A group of people pushed a man into a gray minivan on a dark street. The man yelled, “Help! Help! No!” and pushed against the van. Passersby shouted, “Let him go!” and tried to stop the van. The man was finally stuffed inside and the van left.
This blurry video, apparently filmed by an unidentified witness Wednesday night in Kyiv, Ukraine, and circulated by local news publications Thursday morning, might mark a new chapter in the story of Bitsonar, a crypto investment firm that raised millions of dollars from investors in the U.S. and Europe, which they are now unable to access.
The Ukrainian media wrote that the man driven away in the minivan was ex-Bitsonar employee Yaroslav Shtadchenko. Shtadchenko’s wife Julia confirmed to CoinDesk her husband appeared in the video and had gone missing last night around 11 p.m. local time as he was coming home from work.

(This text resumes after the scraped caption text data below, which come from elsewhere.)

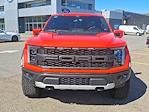 2023 Ford F-150 SuperCrew Cab 4x4 Pickup for sale #Z6568 - photo 3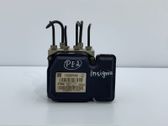 ABS control unit/module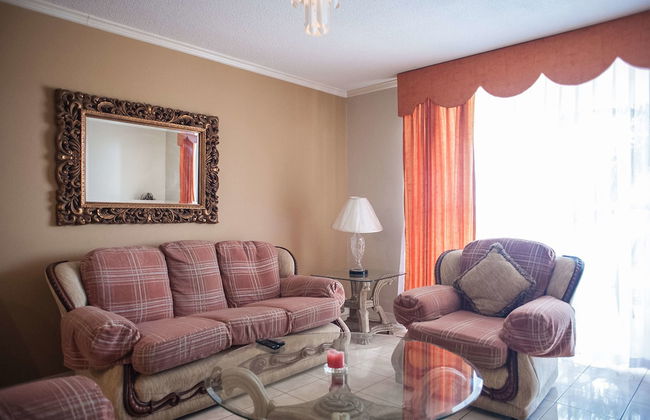 Ocean Breeze at Montego Bay Club Resort - Foto 1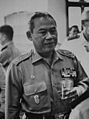 Thanom Kittikachorn 1960 02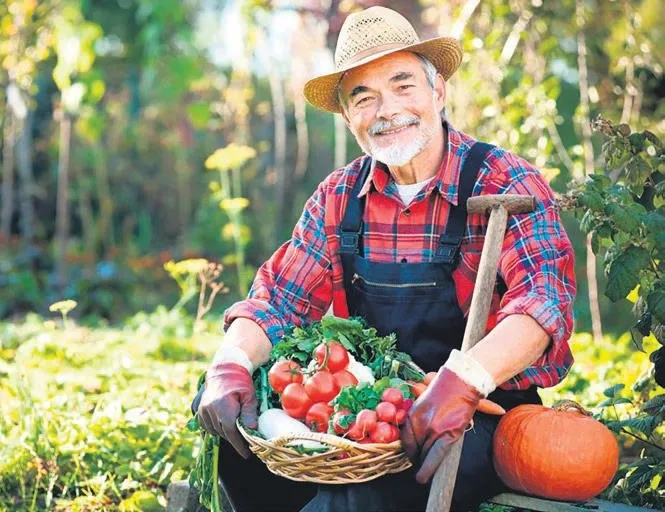 Krediler 5 yılda 7 kat arttı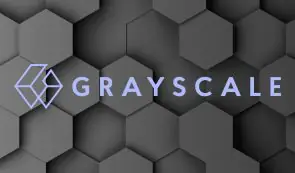 Grayscale: Blockchains Must Prepare for Quantum Computers Now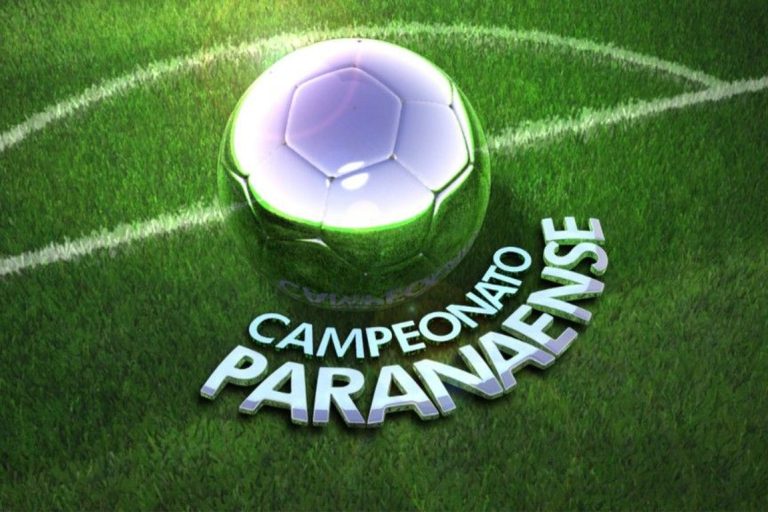 Laranja Mecânica x Apucarana Sports AO VIVO onde assistir – Campeonato Paranaense Segunda Divisão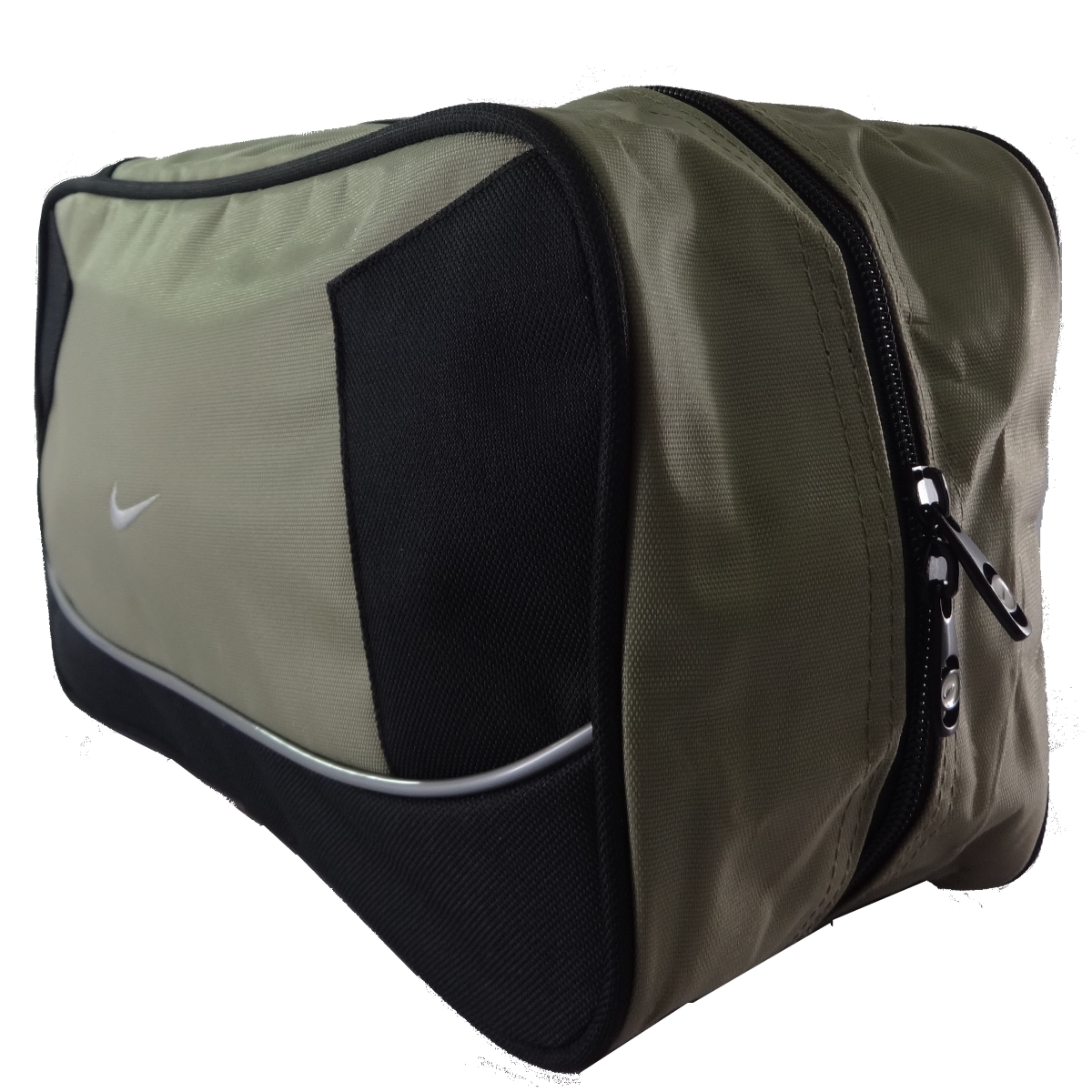nike running shoe bag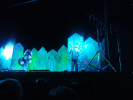 Teatr_11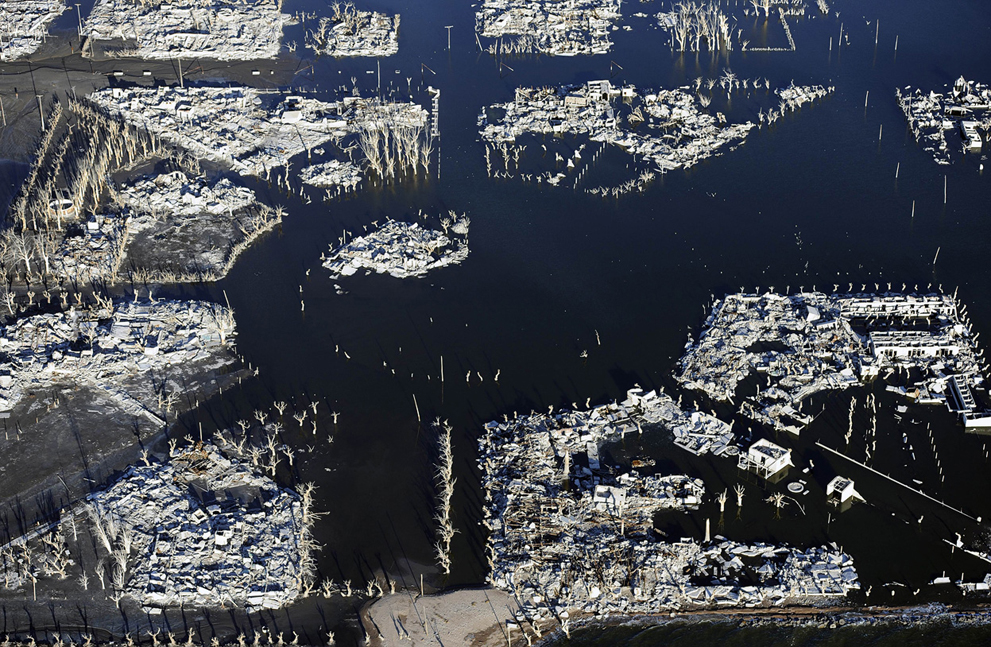 epecuen
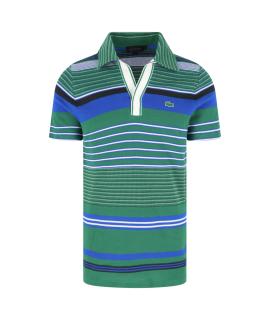 LACOSTE Футболка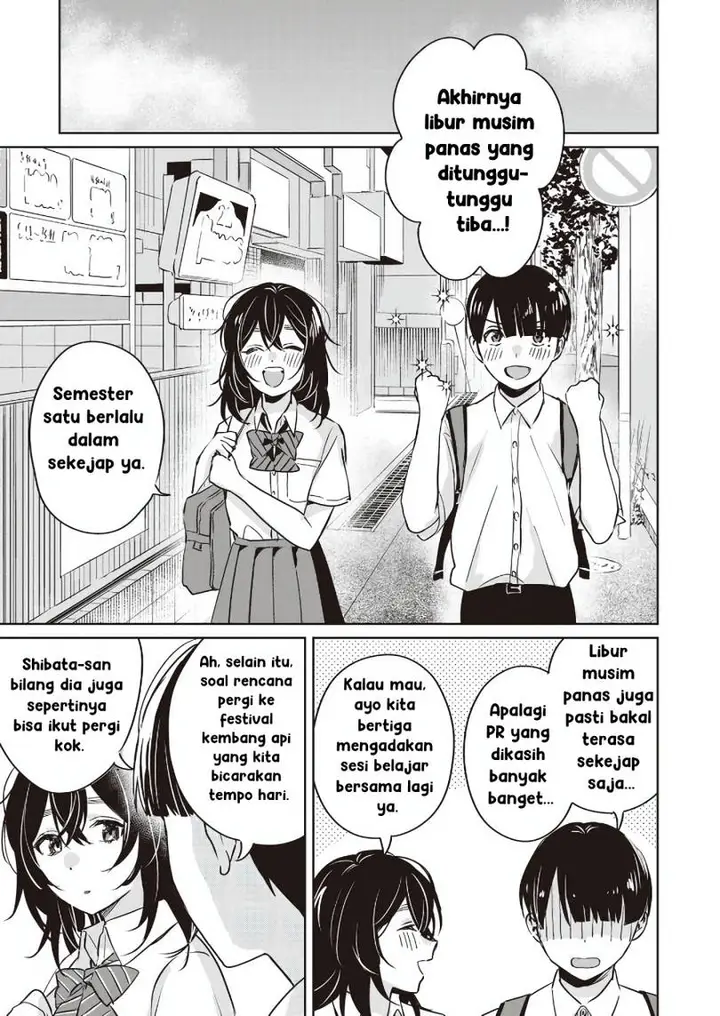 image-komik-inko-demo-seishun-shitai-chapter-13-6/14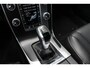 Volvo V60 2.0 T4 Business Sport | Luxury Line | Glazen Schuif/Kanteldak | Lederen Bekleding | Trekhaak |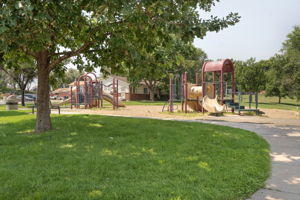 Community Park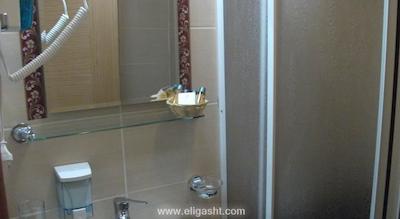 آریفه سلطان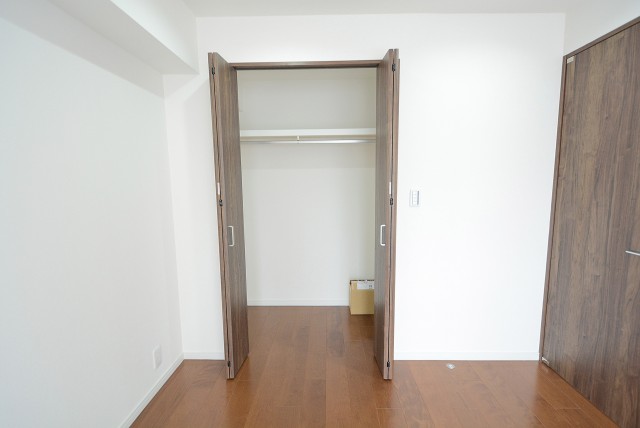 サングリア中目黒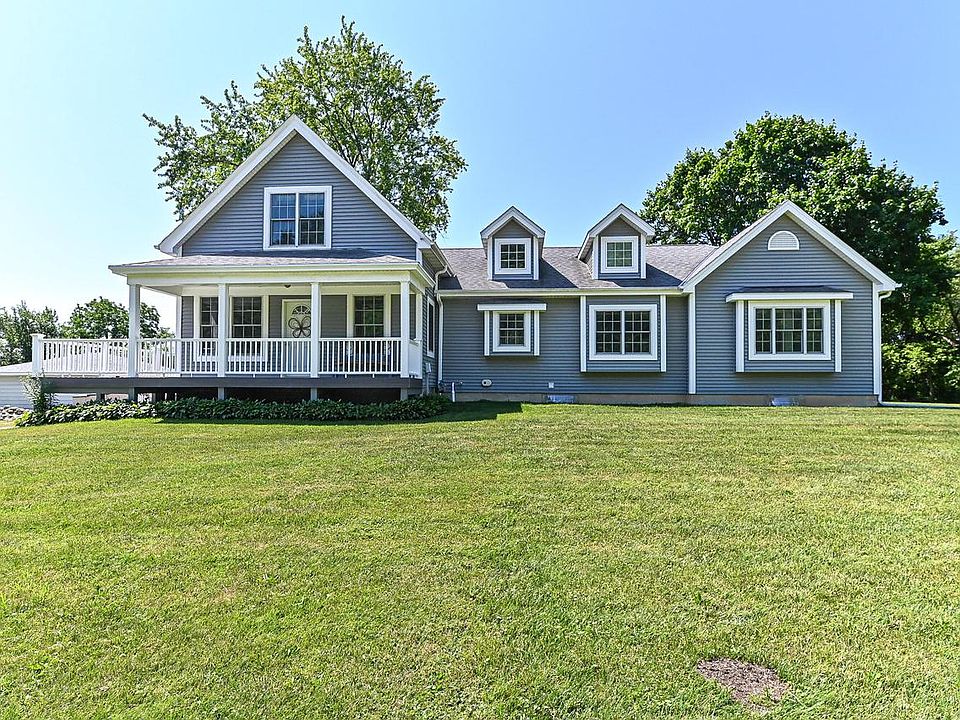 1st image of 3665 E Fitzsimmons ROAD
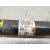 Transmision Delantera Derecha para Kia Cee'd (Jd)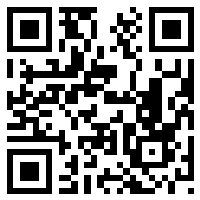 QR Code for dash:XjymMfeNsrP8KMSJUZWfpK2UP8EXzxvq1X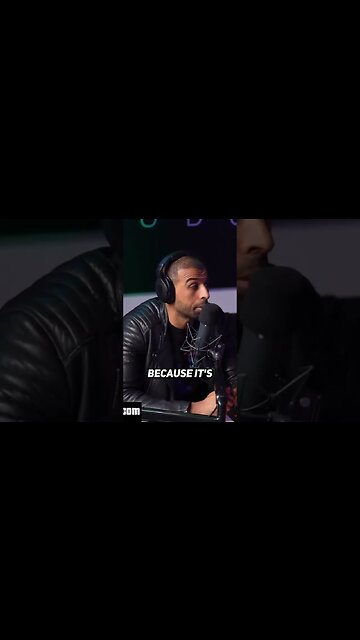 When You're In Good Shape, Girls WANT YOU!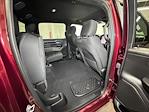 New 2026 Ram 1500 Big Horn Crew Cab 4x4 Pickup for sale #TN157727 - photo 4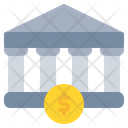 پیش‌نمایش فایل bank-3215349 از پک تجارت الکترونیک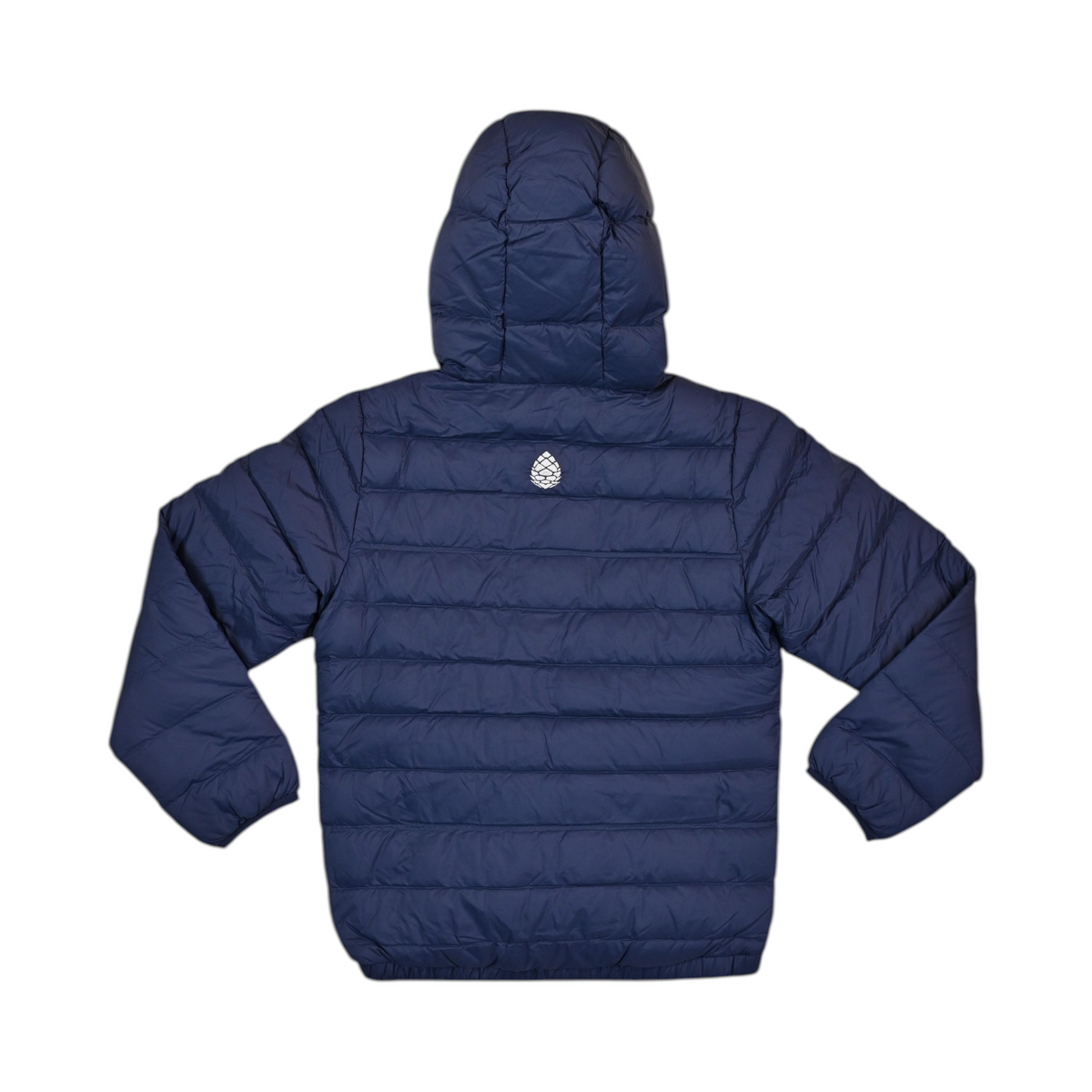 Stio Kids' Hometown Down Insulated Jacket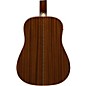 Open Box Mitchell D120S12E 12-String Dreadnought Acoustic-Electric Guitar Level 2 Natural 194744183720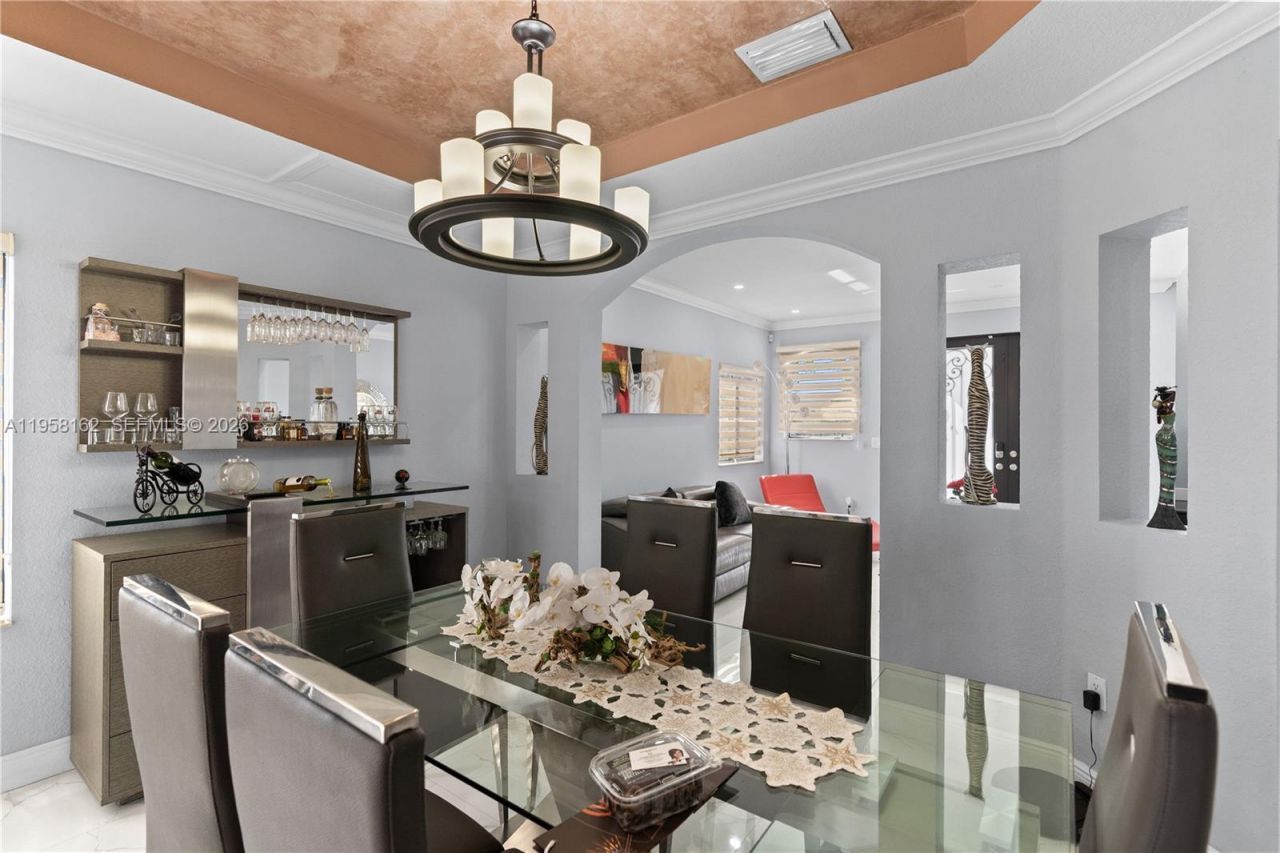 3281 SW 145th Ave, Miami, FL 33175 Photo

She also said she found her husband’s personal belongings on the street after her neighbors told her he was kidnapped.
The harrowing incident highlights the proliferation of risky investment schemes and dubious operators in the crypto industry, but also blockchain technology’s potential to help track missing funds.
Complaint to FBI in the works
According to Julia Shtadchenko, before going missing, Yaroslav Shtadchenko called Bistonar’s CEO, Marius Ziubka, and told him he was going to file complaints about Bitsonar to law enforcement in different countries, including the Federal Bureau of Investigation in the U.S. Then, on Wednesday, the lawyer of Bitsonar’s founder called Shtadchenko and suggested “settling the conflict peacefully,” his wife said.
After that, Yaroslav Shtadchenko was kidnapped on his way home. Julia Shtadchenko said she filed a police report Wednesday night but hadn’t heard any updates on her husband’s whereabouts.
In July, Yaroslav Shtadchenko gave an interview to the Russian crypto news publication Forklog under the pseudonym Jan Novak, saying that Bitsonar…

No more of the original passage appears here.